January 9, 2019
In the past few years, no American city has seen more tower crane construction than Chicago. On any given day, dozens of towers dot the horizon—evidence of a building boom totaling in the billions of dollars, with no signs of slowing.
The current king of the landscape, a Potain MD 485 tower crane, was provided and erected by Central Contractors Service, Inc., a member of the ALL Family of Companies. Standing tall above all others in Chicago, it rises to approximately 1,000 feet—nearly a fifth of a mile.
It is helping to build one of the most highly anticipated high-rise residences in the city, the NEMA Chicago apartment tower. The 76-story skyscraper, with panoramic views of downtown and Lake Michigan, will have 800 units when complete, as well as 12,000 square feet of retail and 600 parking spaces.
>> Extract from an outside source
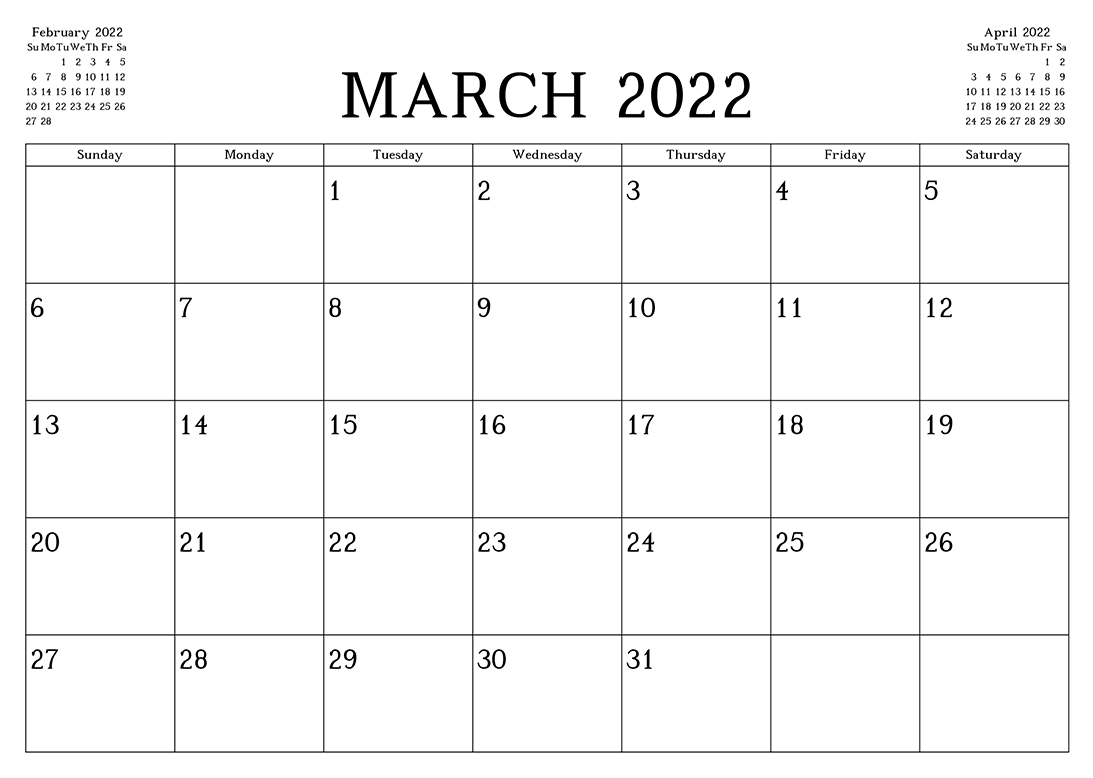 Printable March 2022 Calendar 9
“Having the highest crane in the city, in such a visible location at the south end of Grant Park, is a fitting symbol of Central’s presence in the booming Chicago market,” said John Martello, general manager of Central Contractors Service. “Our tower crane technicians are seasoned veterans of the Chicago construction climate. They possess the knowledge and experience to deal with all challenges that the city can deliver. Whether it’s logistical challenges or brutal weather, the team always pulls through to get the job done.”
Central Contractors Service placed the Potain MD 485 in spring 2017, with the current 1,000 feet representing its final hook height. Scaling such heights did come with a challenge or two, particularly related to the wire rope hoist needed for the job. “We had to find one that could withstand the heavy work load that was expected, as well as perform well at the final height,” said Martello. “With some research and the experience that our team brought to the job, we used three separate wire ropes to accommodate the stature of this crane as it climbed to greater and greater heights.”
The job began with the standard 1,500-foot wire rope, then switched to 1,850-foot rope with 4-part reeving, and for the final phase is finishing with 2,850 feet of wire rope with 2-part reeving. With quality wire rope and highly experienced operators, each phase has been performed with no issues. The crane itself has performed very little downtime over the life of the project, which Martello attributes to the service provided by his team.
James McHugh Construction, which has a two-decade relationship with Central Contractors Service, is the general contractor on the job. The NEMA apartment tower is expected to open to tenants next year. Like the tower crane that’s raising it, the finished building will be one of the tallest in the city.